Assigned task: Print, word for word, the line containing "TechFriendly The Row Shoes 8812" and all lines beneath it to the end of the entries below. Pictures do not belong in the copy.

Listed entries:
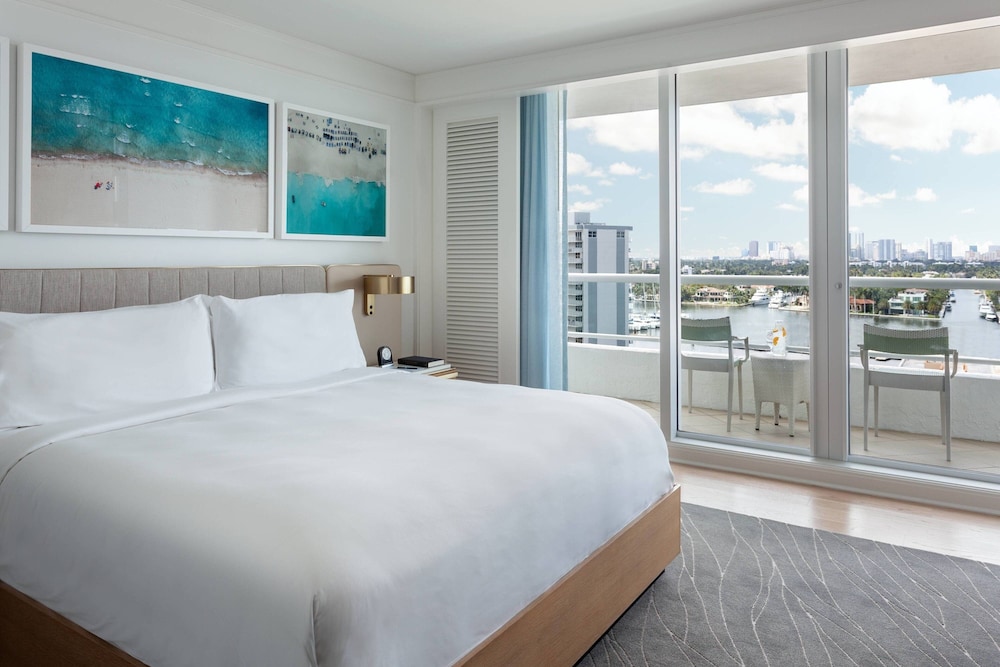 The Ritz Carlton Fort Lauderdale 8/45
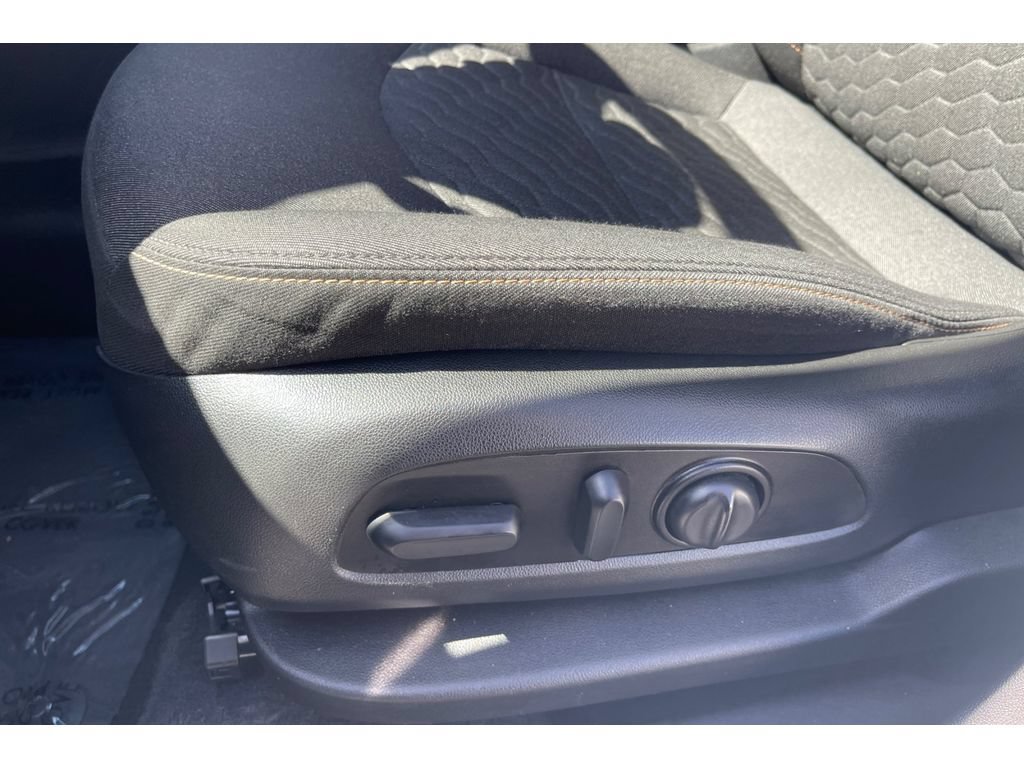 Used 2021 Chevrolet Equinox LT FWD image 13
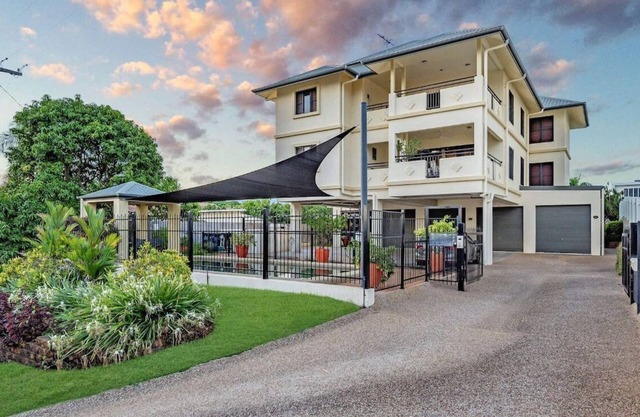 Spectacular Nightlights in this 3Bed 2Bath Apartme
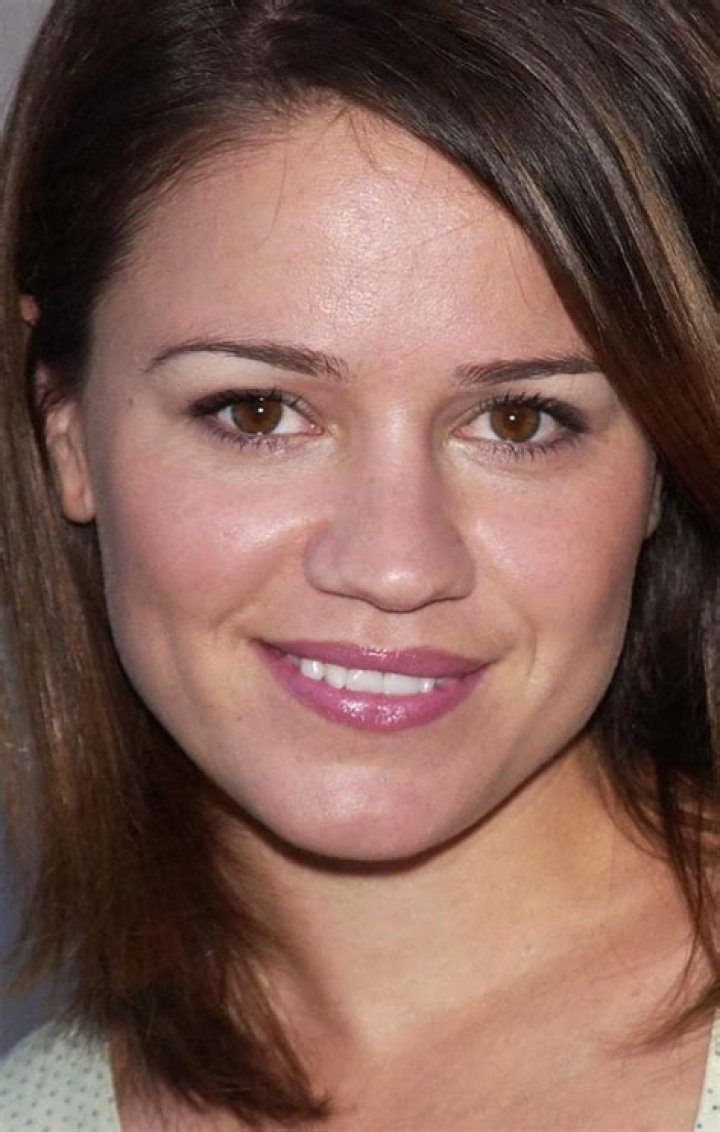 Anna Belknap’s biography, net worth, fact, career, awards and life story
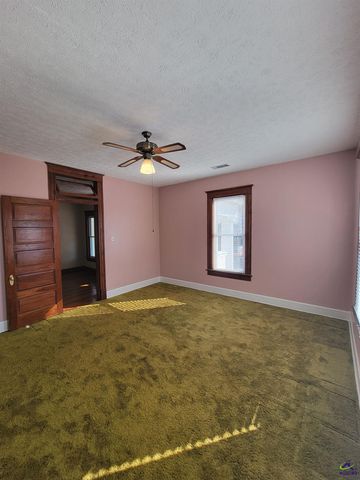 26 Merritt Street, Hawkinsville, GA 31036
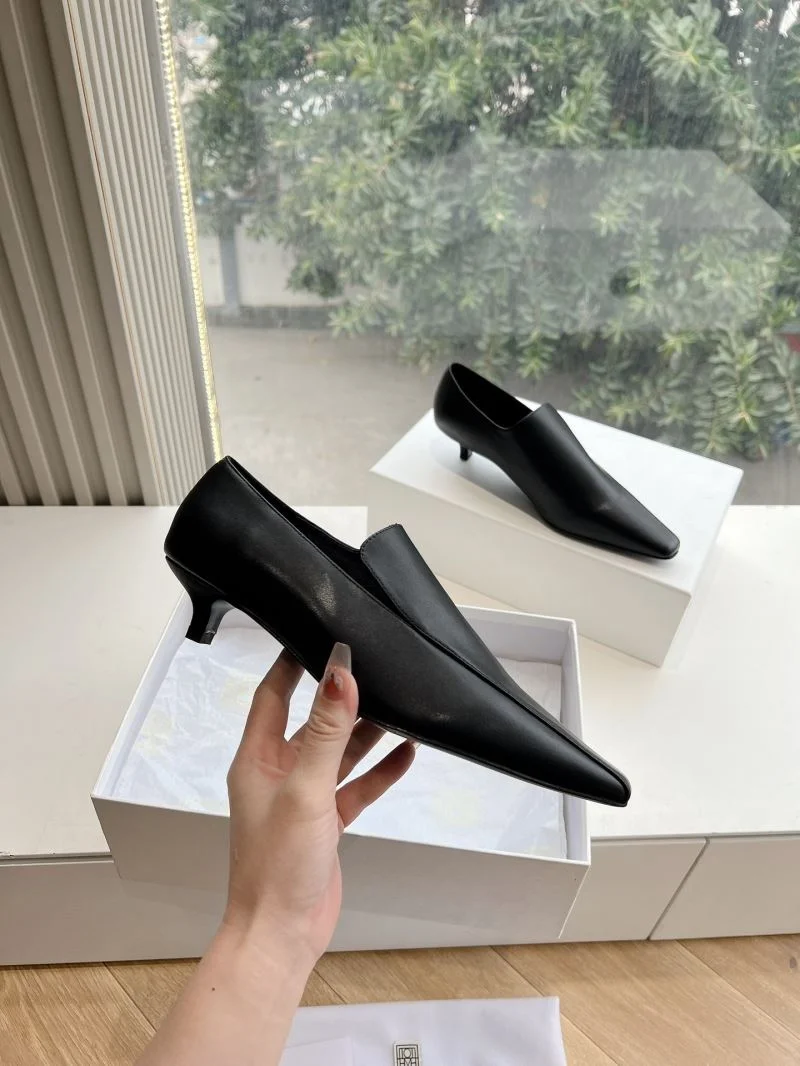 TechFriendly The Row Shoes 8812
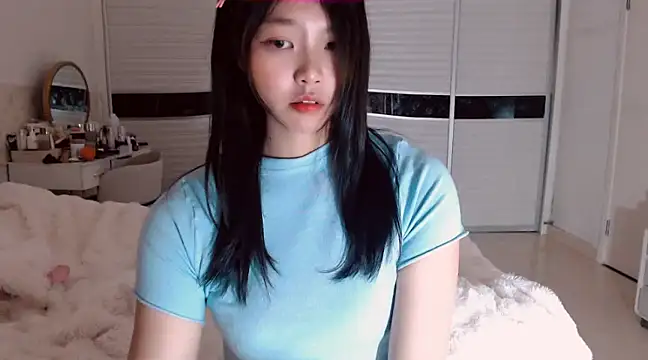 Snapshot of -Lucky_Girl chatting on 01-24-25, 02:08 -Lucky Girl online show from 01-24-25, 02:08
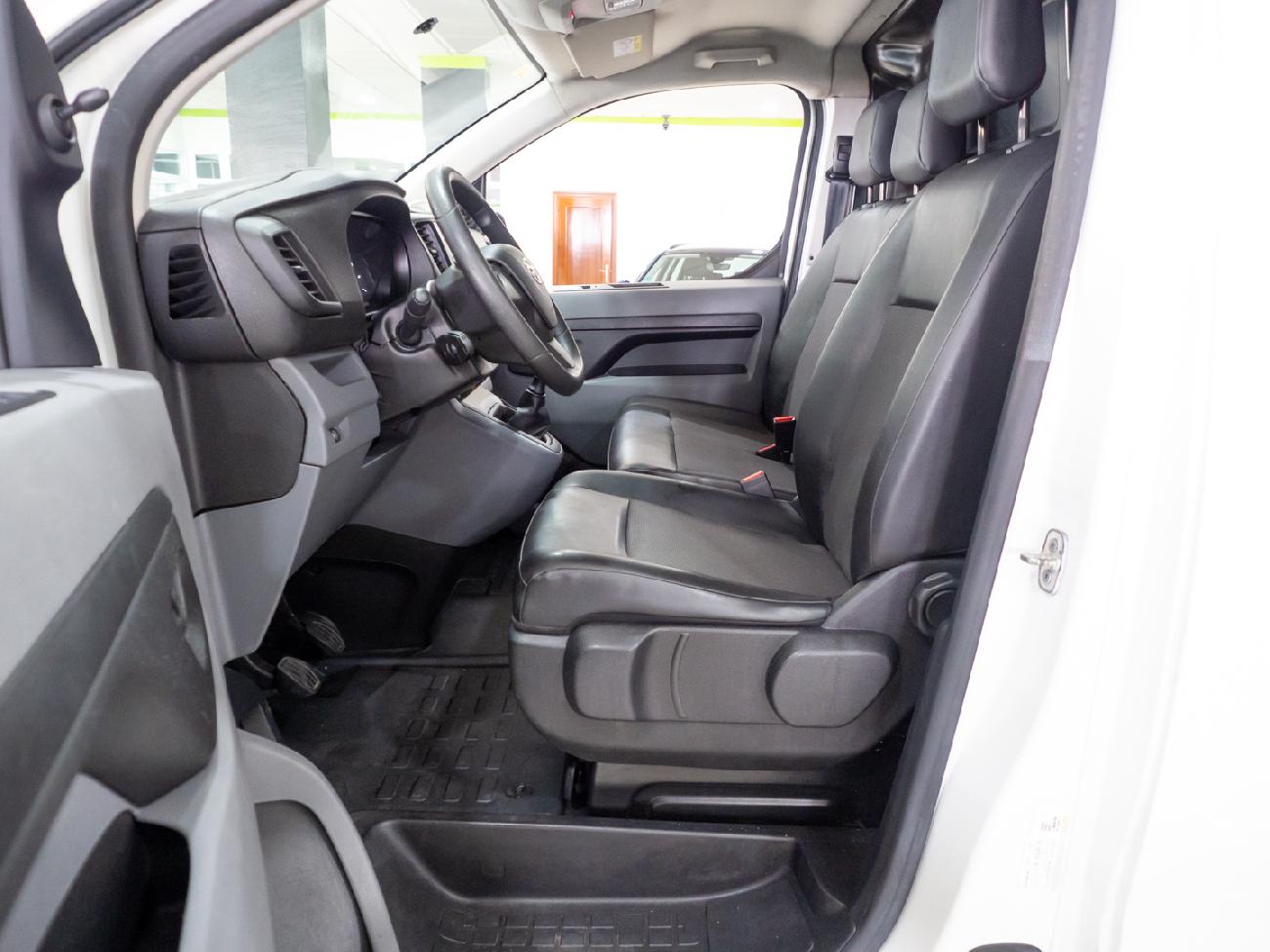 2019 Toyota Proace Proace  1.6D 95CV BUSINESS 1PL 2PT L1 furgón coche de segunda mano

Output of the task:
 TechFriendly The Row Shoes 8812
 Snapshot of -Lucky_Girl chatting on 01-24-25, 02:08 -Lucky Girl online show from 01-24-25, 02:08
 2019 Toyota Proace Proace  1.6D 95CV BUSINESS 1PL 2PT L1 furgón coche de segunda mano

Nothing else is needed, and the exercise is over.